SOURCE INFORMATION section start
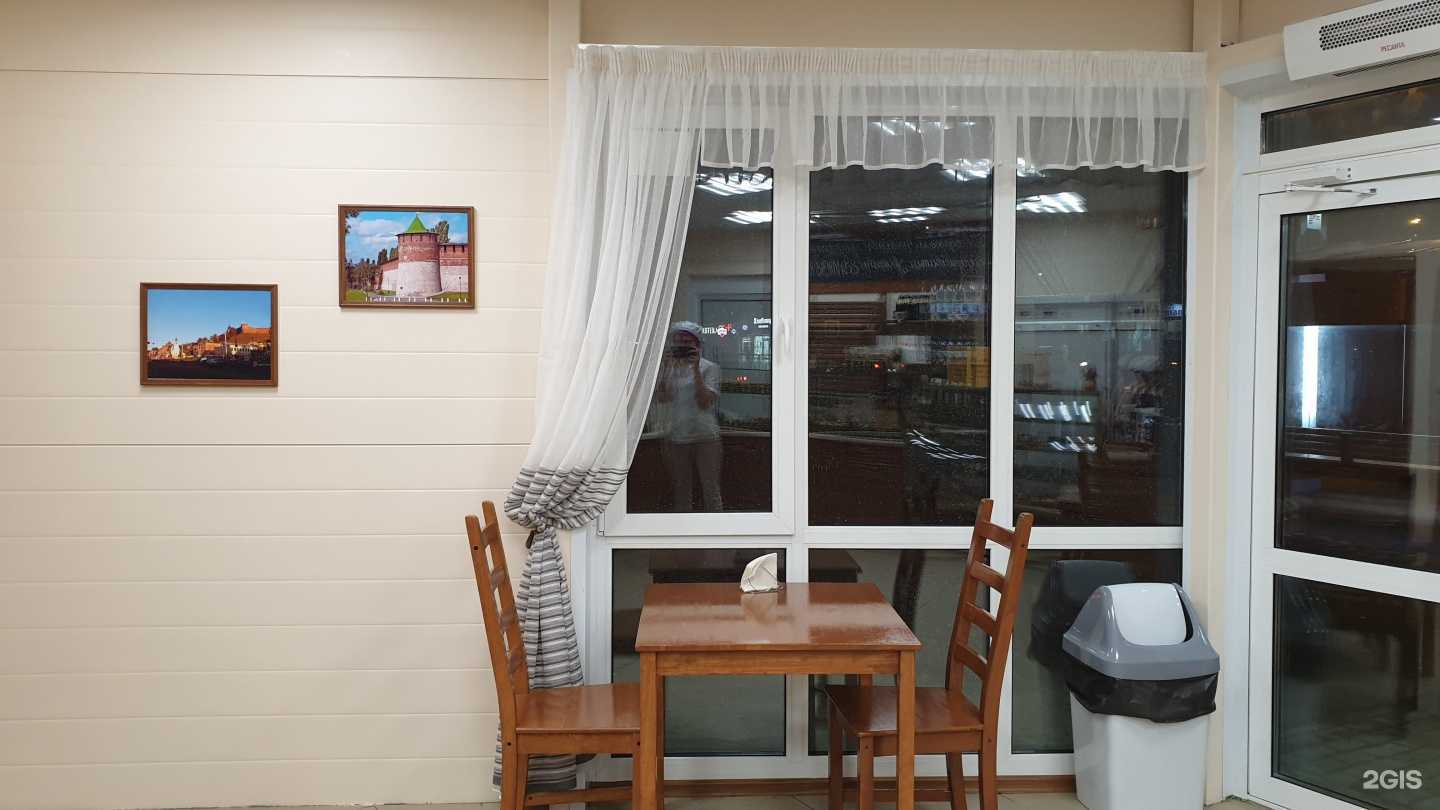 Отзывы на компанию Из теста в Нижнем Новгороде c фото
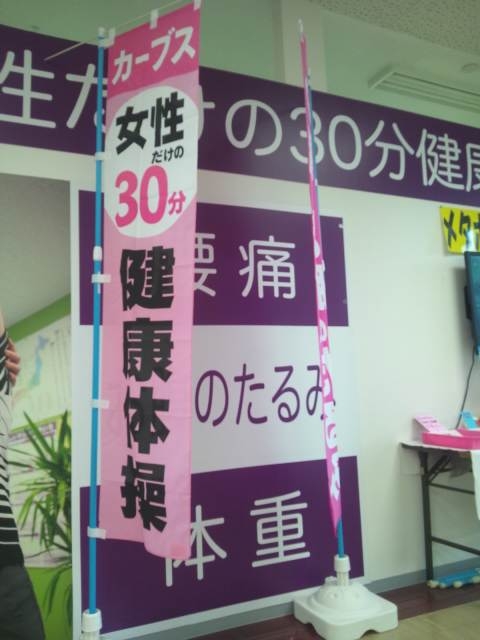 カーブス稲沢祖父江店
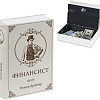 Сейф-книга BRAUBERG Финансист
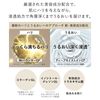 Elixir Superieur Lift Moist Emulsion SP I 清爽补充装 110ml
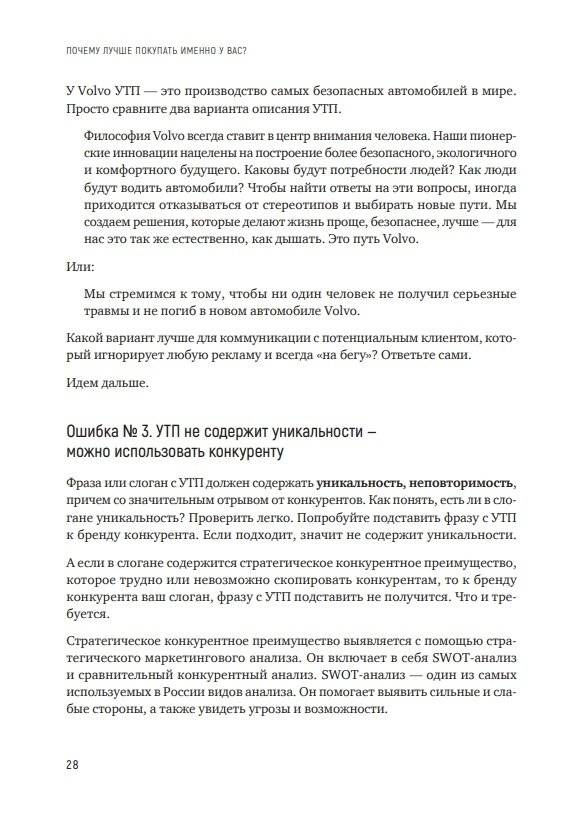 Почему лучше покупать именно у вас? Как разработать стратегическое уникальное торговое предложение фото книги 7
SOURCE INFORMATION section end
(ASSIGNED TASK):
Give the data above back unchanged, except for the pictures.

(ANSWER SECTION):
 Отзывы на компанию Из теста в Нижнем Новгороде c фото
 カーブス稲沢祖父江店
 Сейф-книга BRAUBERG Финансист
 Elixir Superieur Lift Moist Emulsion SP I 清爽补充装 110ml
 Почему лучше покупать именно у вас? Как разработать стратегическое уникальное торговое предложение фото книги 7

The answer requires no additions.